(Data supplied)
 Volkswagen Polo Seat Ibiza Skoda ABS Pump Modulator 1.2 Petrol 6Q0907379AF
* * *
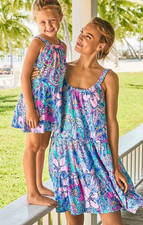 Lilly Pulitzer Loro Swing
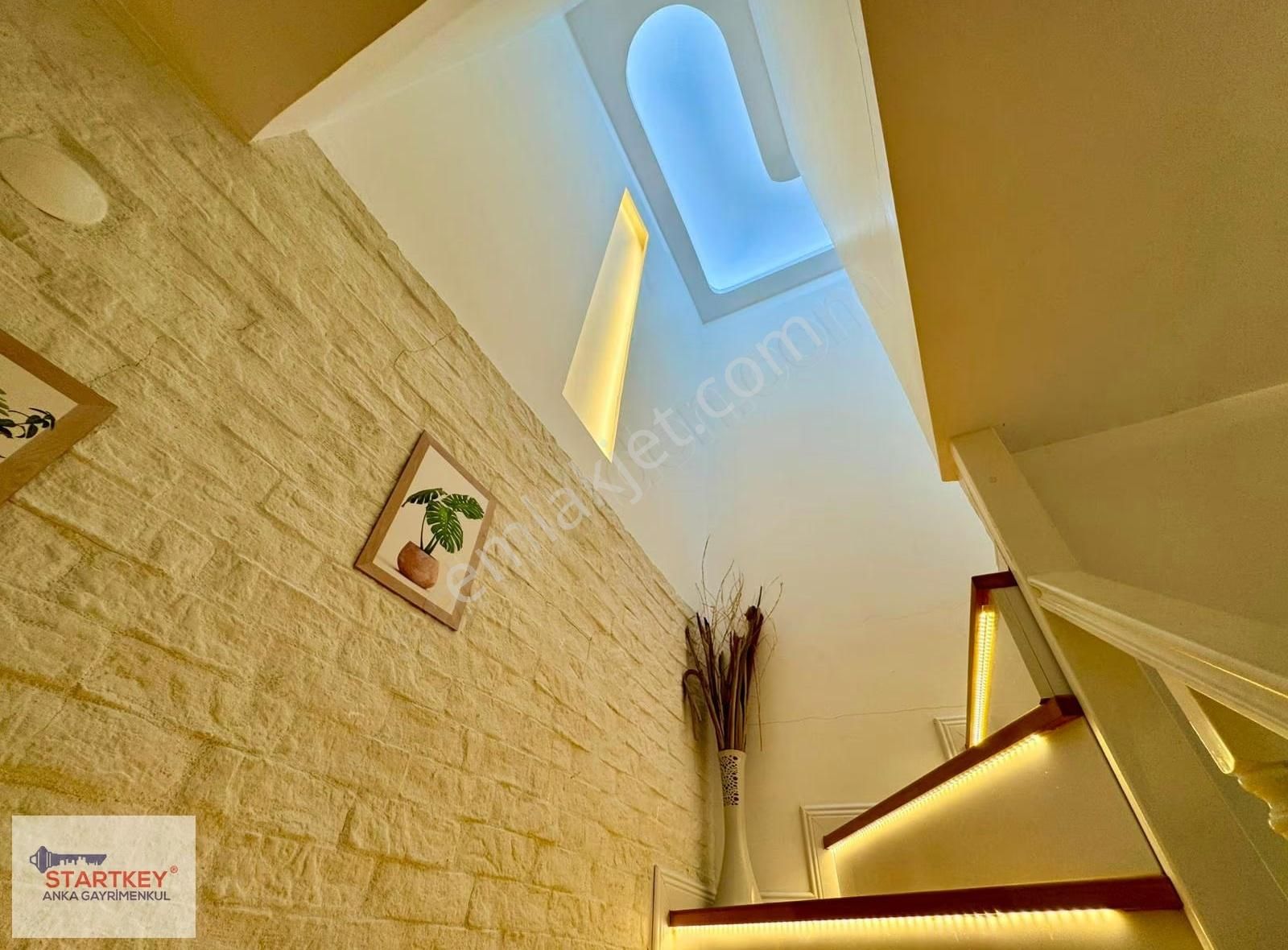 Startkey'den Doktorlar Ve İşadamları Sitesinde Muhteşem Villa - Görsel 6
* * *
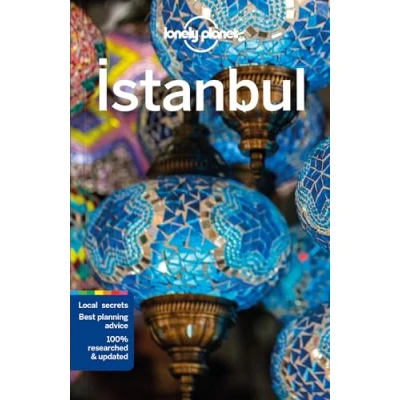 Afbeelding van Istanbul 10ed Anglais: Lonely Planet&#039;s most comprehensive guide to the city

(Brief) Pictures aside, print exactly the lines above starting with the one containing "Lilly Pulitzer Loro Swing" and going on through the one containing "Startkey'den Doktorlar Ve".

(Expected answer)
 Lilly Pulitzer Loro Swing
 Startkey'den Doktorlar Ve İşadamları Sitesinde Muhteşem Villa - Görsel 6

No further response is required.